**Records for the exercise**
§ §

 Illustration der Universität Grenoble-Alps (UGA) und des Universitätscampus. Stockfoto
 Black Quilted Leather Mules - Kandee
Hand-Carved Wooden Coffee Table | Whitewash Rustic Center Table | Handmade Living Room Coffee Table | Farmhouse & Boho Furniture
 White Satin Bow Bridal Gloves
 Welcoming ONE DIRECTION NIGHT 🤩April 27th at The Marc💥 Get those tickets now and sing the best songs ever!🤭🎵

§ §

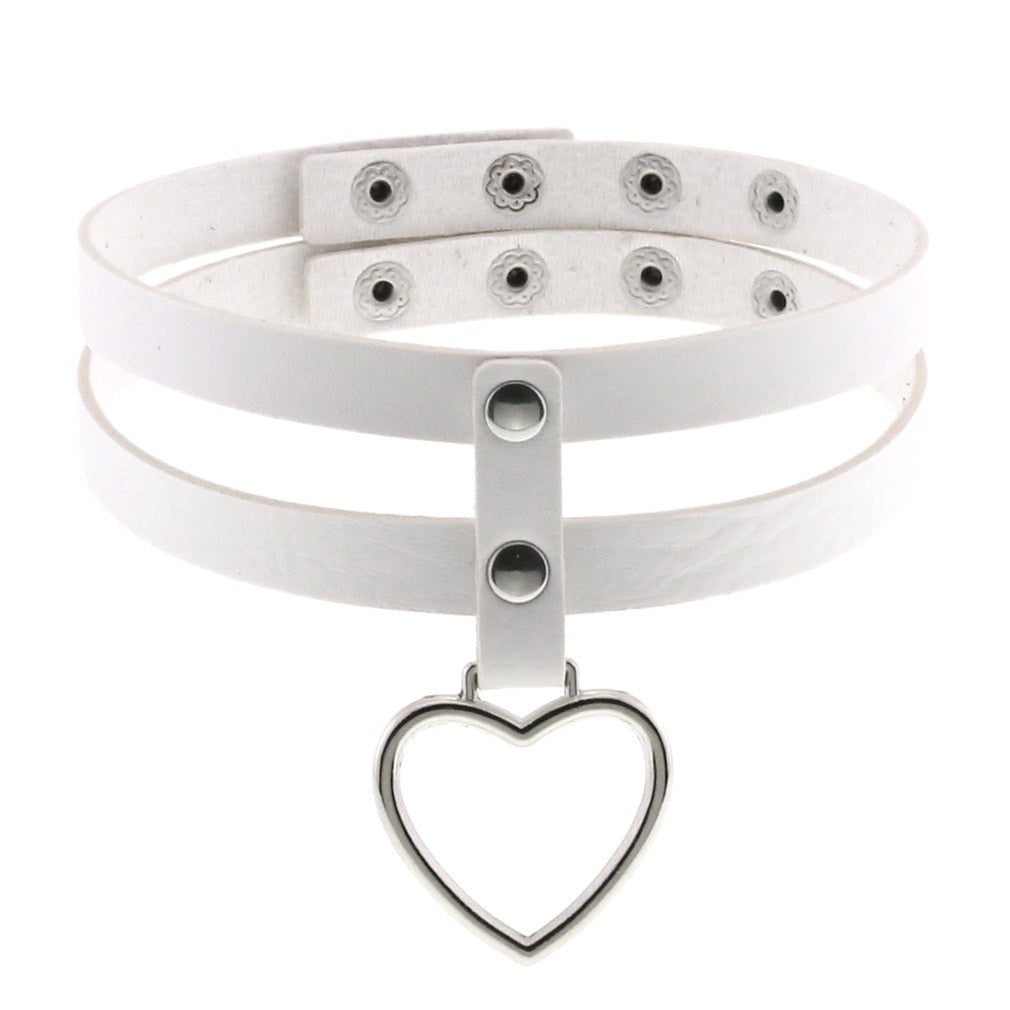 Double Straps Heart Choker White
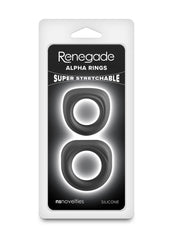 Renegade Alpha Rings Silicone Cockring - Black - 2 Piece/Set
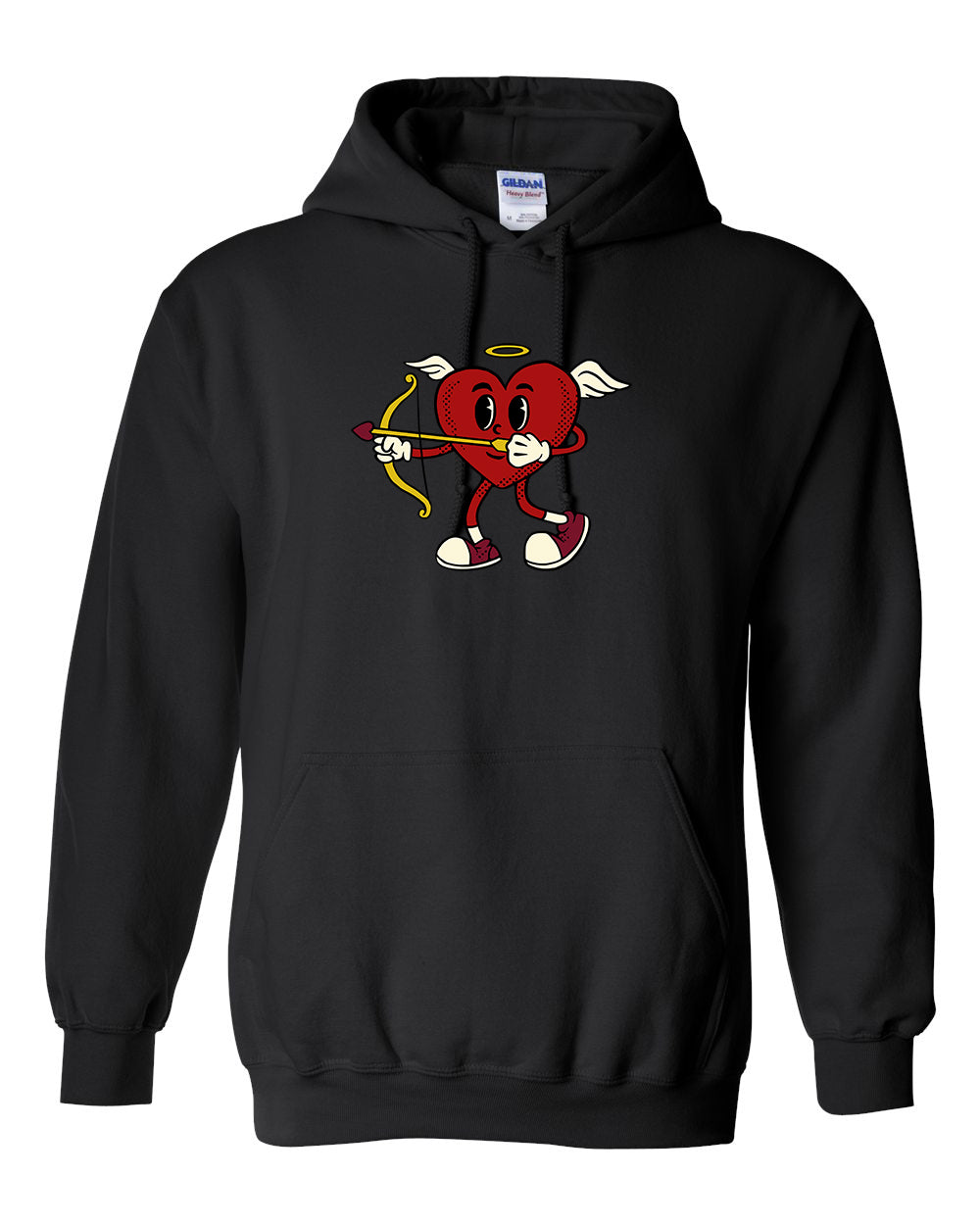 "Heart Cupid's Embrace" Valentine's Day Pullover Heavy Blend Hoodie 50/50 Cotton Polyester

§ §

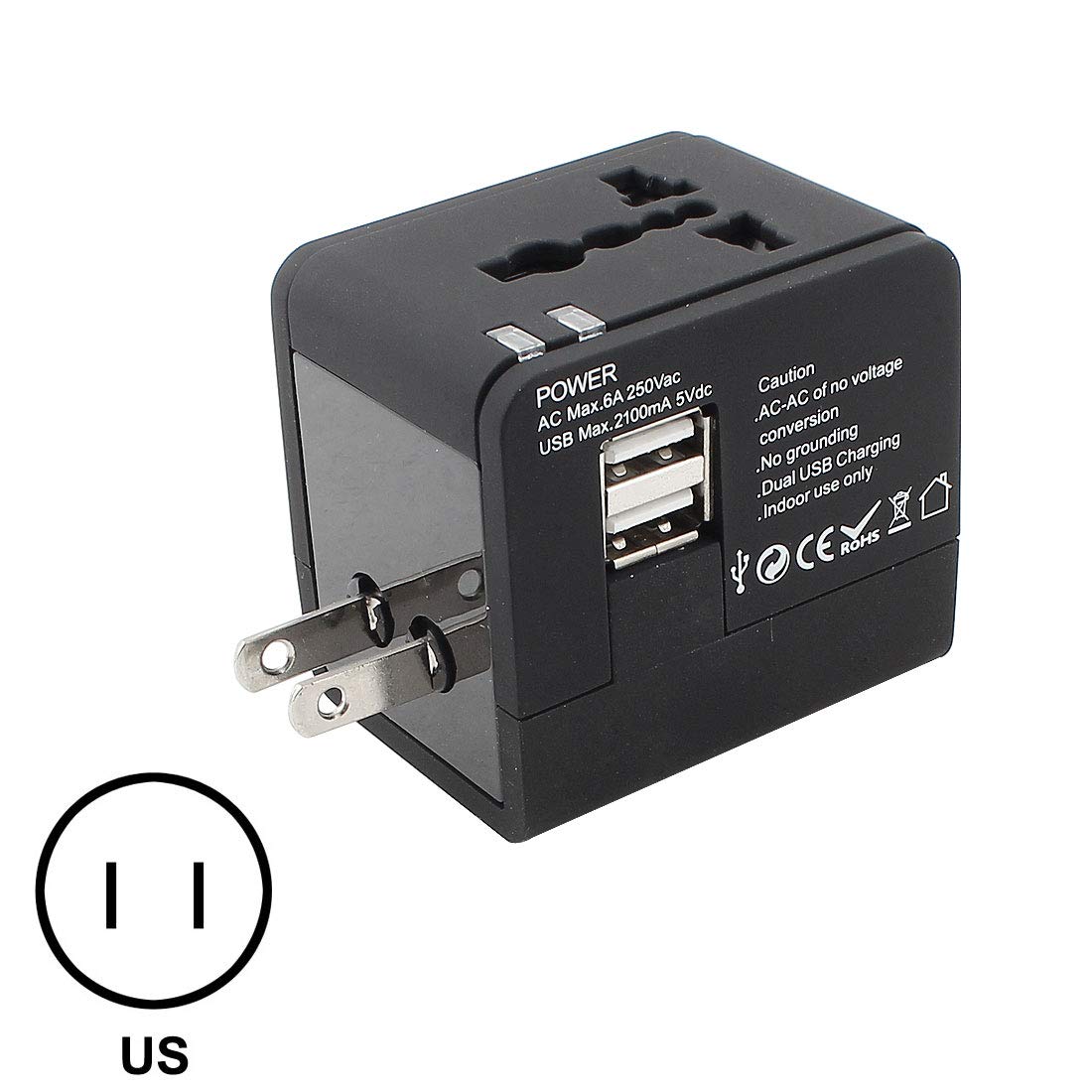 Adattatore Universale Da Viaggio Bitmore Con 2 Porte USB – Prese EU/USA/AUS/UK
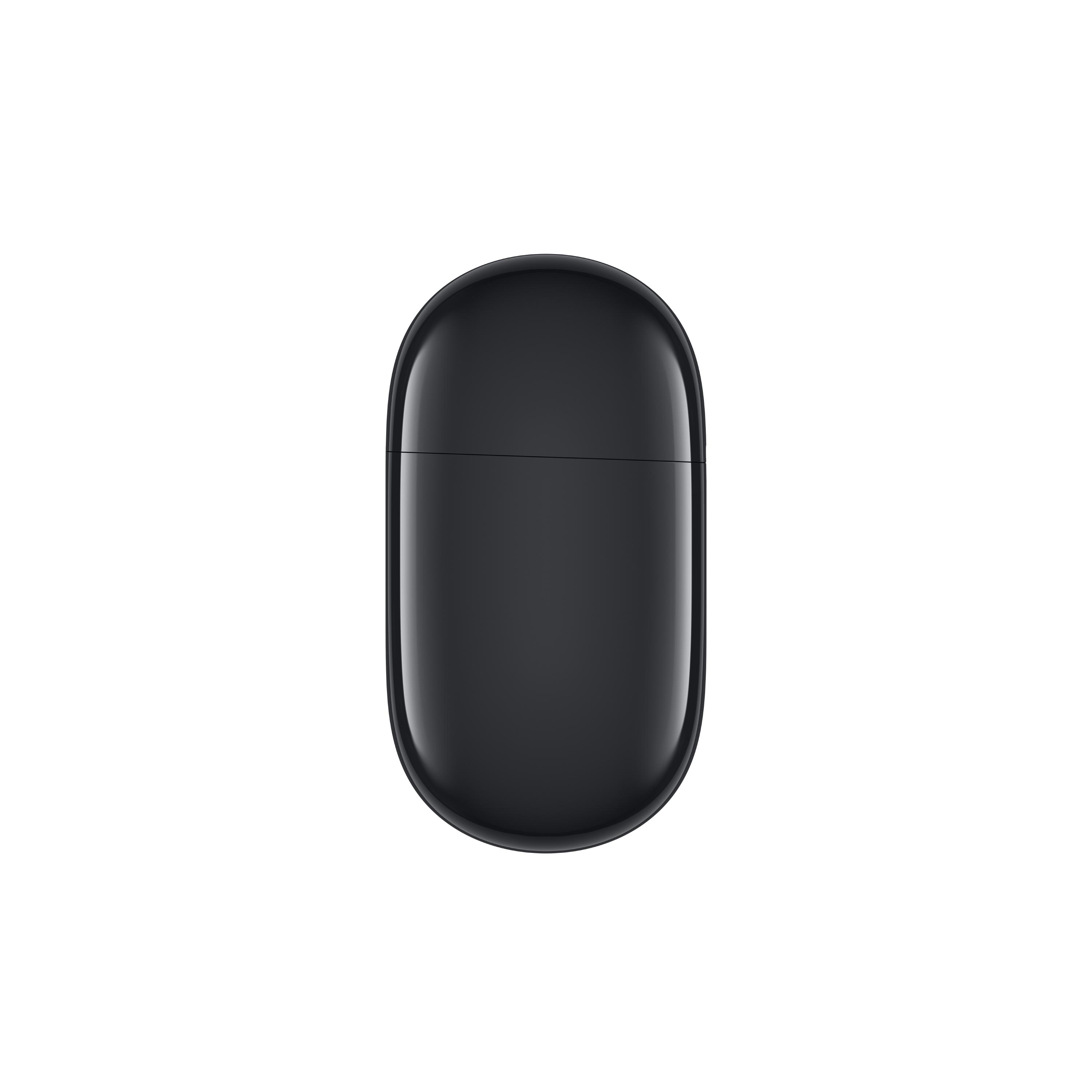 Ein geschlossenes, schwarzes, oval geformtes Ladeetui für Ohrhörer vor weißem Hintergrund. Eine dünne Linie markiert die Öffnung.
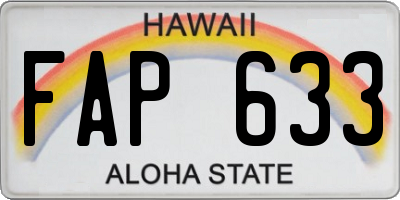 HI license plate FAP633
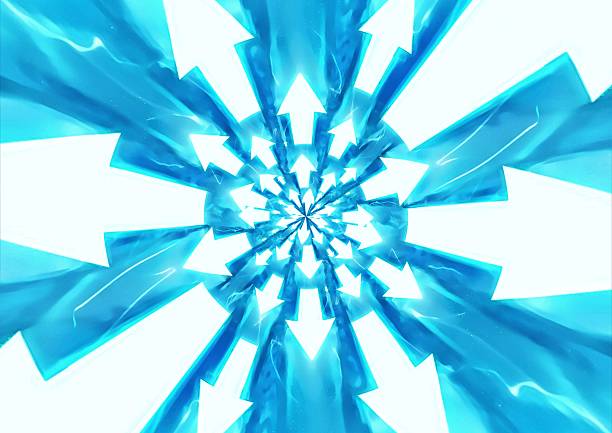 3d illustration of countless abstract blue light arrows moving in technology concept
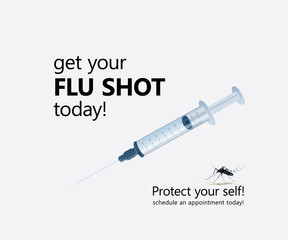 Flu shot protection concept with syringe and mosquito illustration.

§ §

**Exercise goal**
From the listing above, repeat exactly the lines starting at the line that includes "Illustration der Universität" and ending at the line that includes "Welcoming ONE DIRECTION", with nothing outside that span.

**Solution to this task**
 Illustration der Universität Grenoble-Alps (UGA) und des Universitätscampus. Stockfoto
 Black Quilted Leather Mules - Kandee
Hand-Carved Wooden Coffee Table | Whitewash Rustic Center Table | Handmade Living Room Coffee Table | Farmhouse & Boho Furniture
 White Satin Bow Bridal Gloves
 Welcoming ONE DIRECTION NIGHT 🤩April 27th at The Marc💥 Get those tickets now and sing the best songs ever!🤭🎵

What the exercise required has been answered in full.